• _WHAT IS BEING ASKED_
The expected output is every record below, transcribed exactly, with the pictures left out.

(Web page caption snippets)
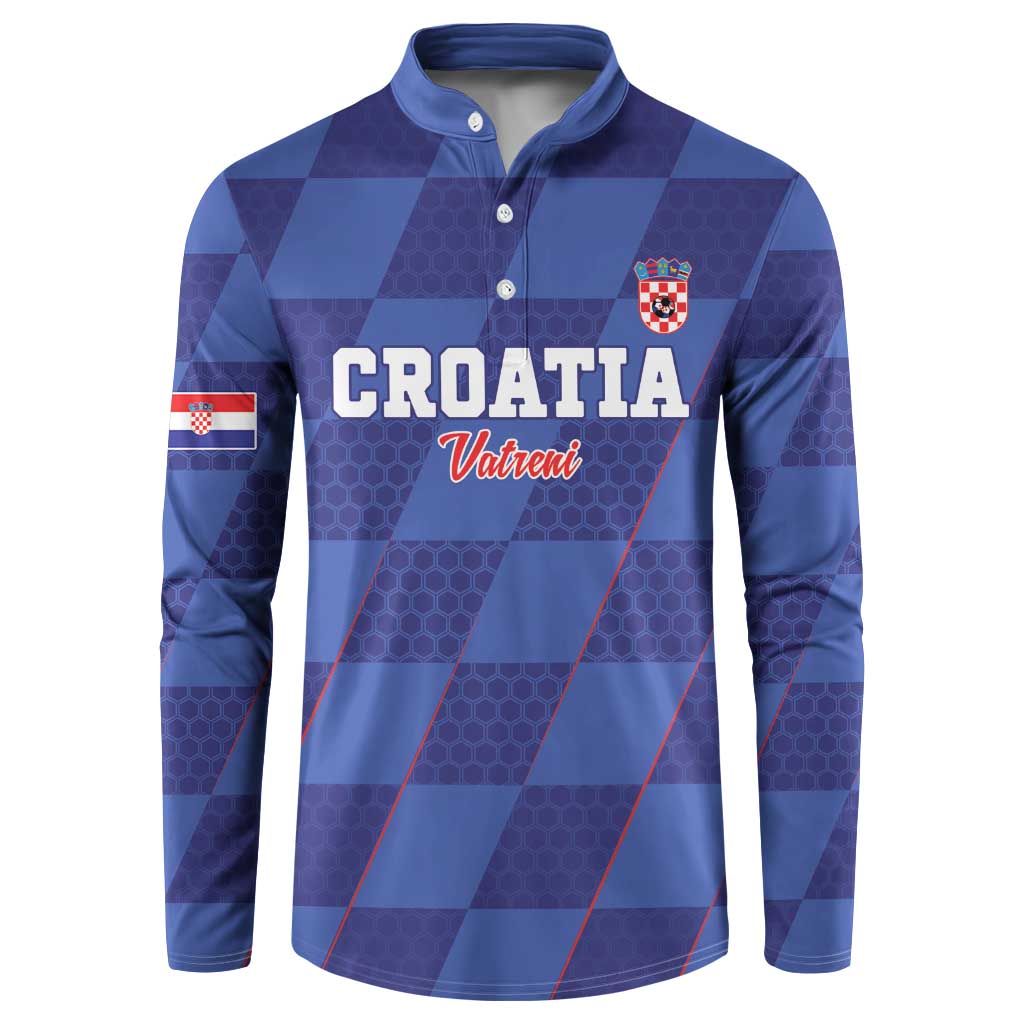 Custom Croatia Football Button Sweatshirt Come On Vatreni - Wonder Print Shop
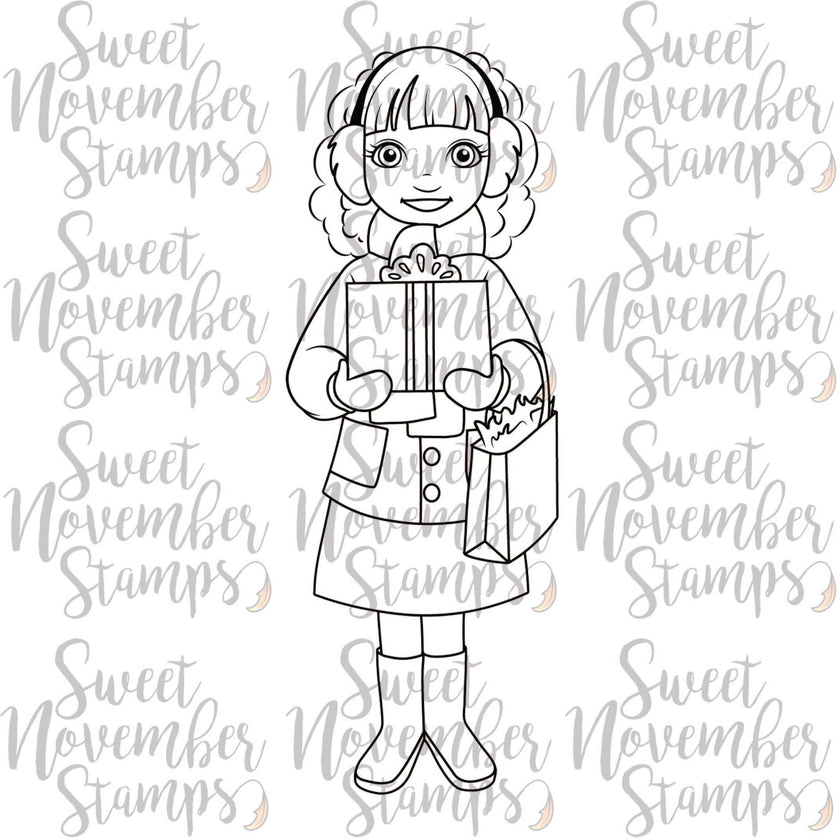 Digital Stamp - Home for the Holiday's - Holly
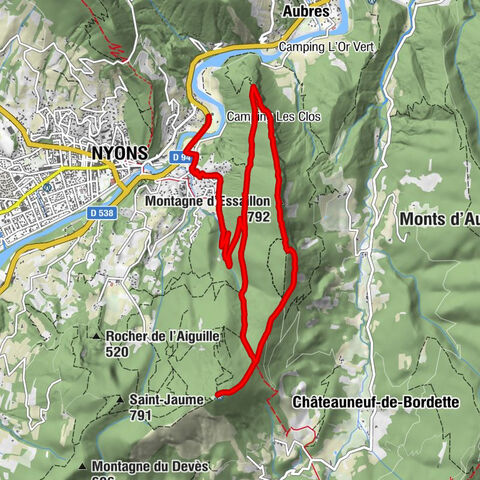 Nyons - Montagne d'Essaillon - Garde-Grosse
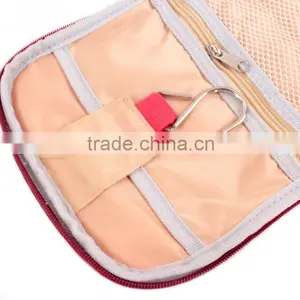 Foldable Polyester Custom Hanging Toiletry Washing Bag thumbnail-5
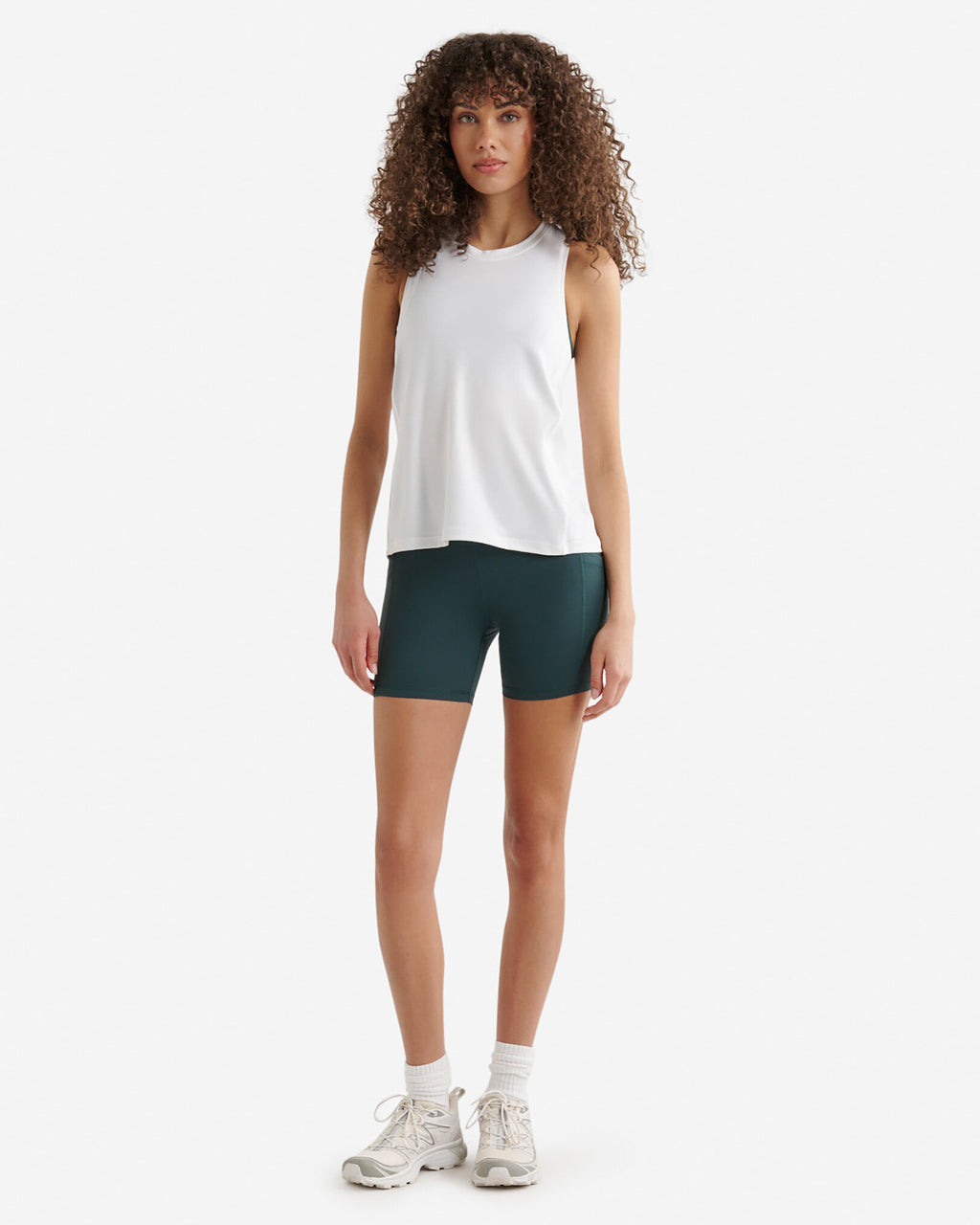 Restore Stretch Bike Short 5 Inch / VARSITY GREEN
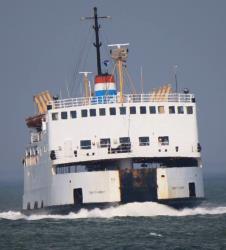 Exterior of M/V Trans-Saint-Laurent Ferry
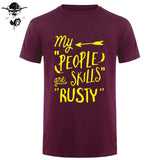 Rusty People Skills - Supernatural men T-Shirt 0-Neck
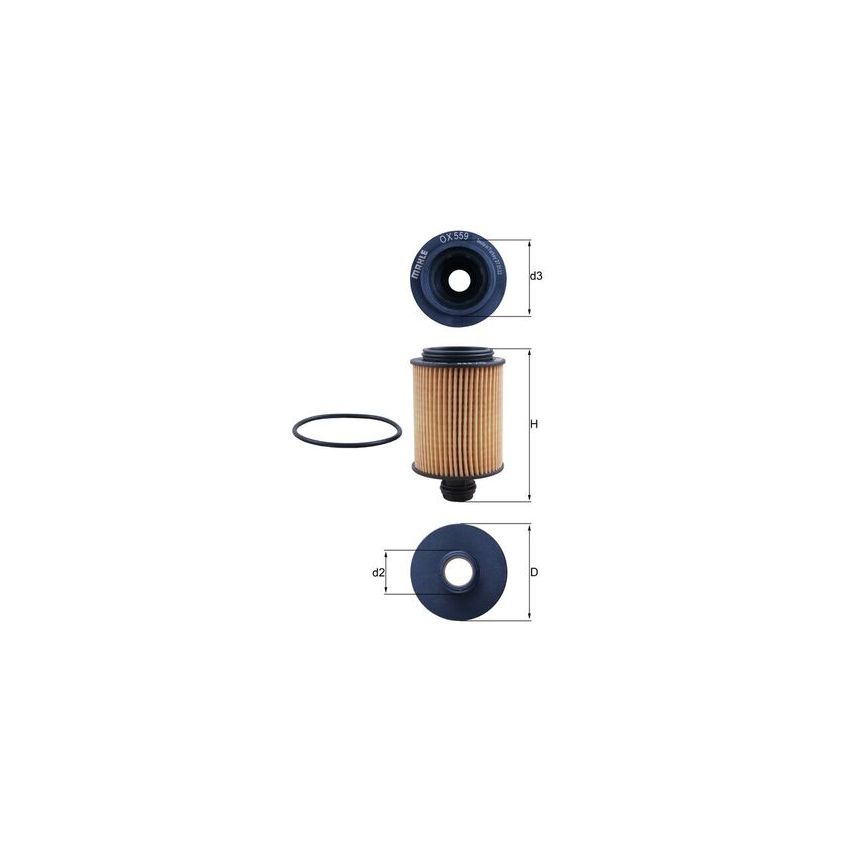 FILTR OLEJU KNEHT OX559D ECO OPEL 2.0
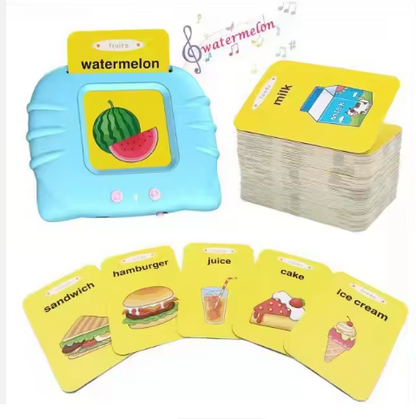 Flash Cards Alphabet Custom Flash Card Reader for Kids Compact Educational Audio Language Flash Cards for Toddlers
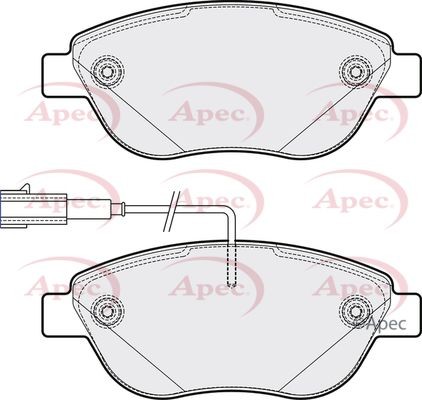 Apec front brake - apec, pad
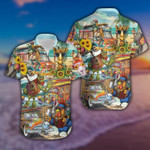 Lets Dance In The Sun Hippie Life Unisex Hawaiian Aloha Shirts - 1
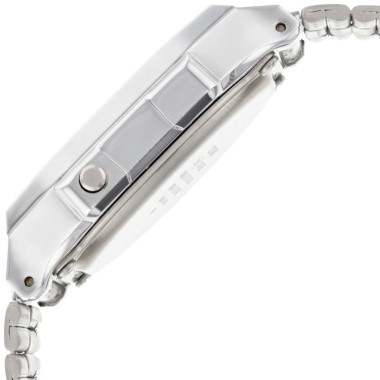 Montre CASIO Mixte Bracelet Acier Gris - A168WEM-1EF
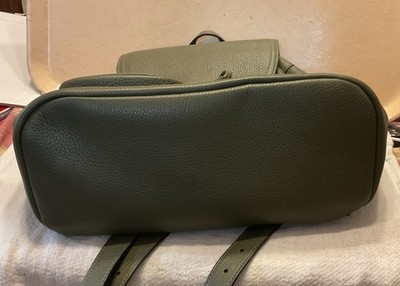 Coach Pennie Backpack #6145 Dark Green Pebbled Leather NWOT 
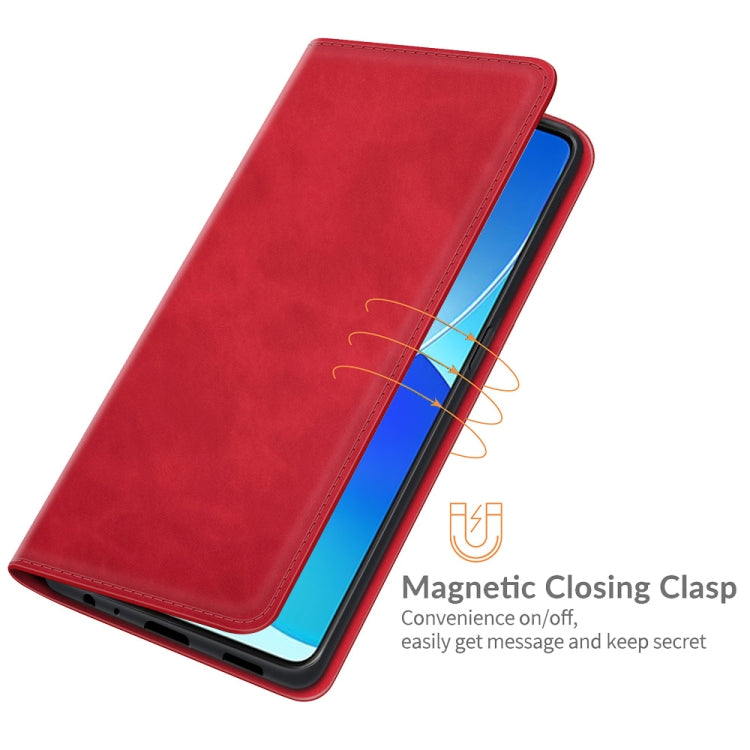 Retro-skin Magnetic Suction Leather Phone Case For OPPO Reno6 4G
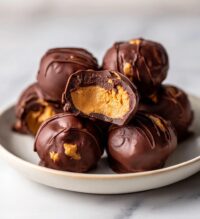 healthy peanut butter buckeyes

• _WRITTEN RESPONSE_
 Custom Croatia Football Button Sweatshirt Come On Vatreni - Wonder Print Shop
 Digital Stamp - Home for the Holiday's - Holly
 Nyons - Montagne d'Essaillon - Garde-Grosse
 Foldable Polyester Custom Hanging Toiletry Washing Bag thumbnail-5
 Restore Stretch Bike Short 5 Inch / VARSITY GREEN
 Exterior of M/V Trans-Saint-Laurent Ferry
 Rusty People Skills - Supernatural men T-Shirt 0-Neck
 FILTR OLEJU KNEHT OX559D ECO OPEL 2.0
 Flash Cards Alphabet Custom Flash Card Reader for Kids Compact Educational Audio Language Flash Cards for Toddlers
 Apec front brake - apec, pad
 Lets Dance In The Sun Hippie Life Unisex Hawaiian Aloha Shirts - 1
 Montre CASIO Mixte Bracelet Acier Gris - A168WEM-1EF
 Coach Pennie Backpack #6145 Dark Green Pebbled Leather NWOT 
 Retro-skin Magnetic Suction Leather Phone Case For OPPO Reno6 4G
 healthy peanut butter buckeyes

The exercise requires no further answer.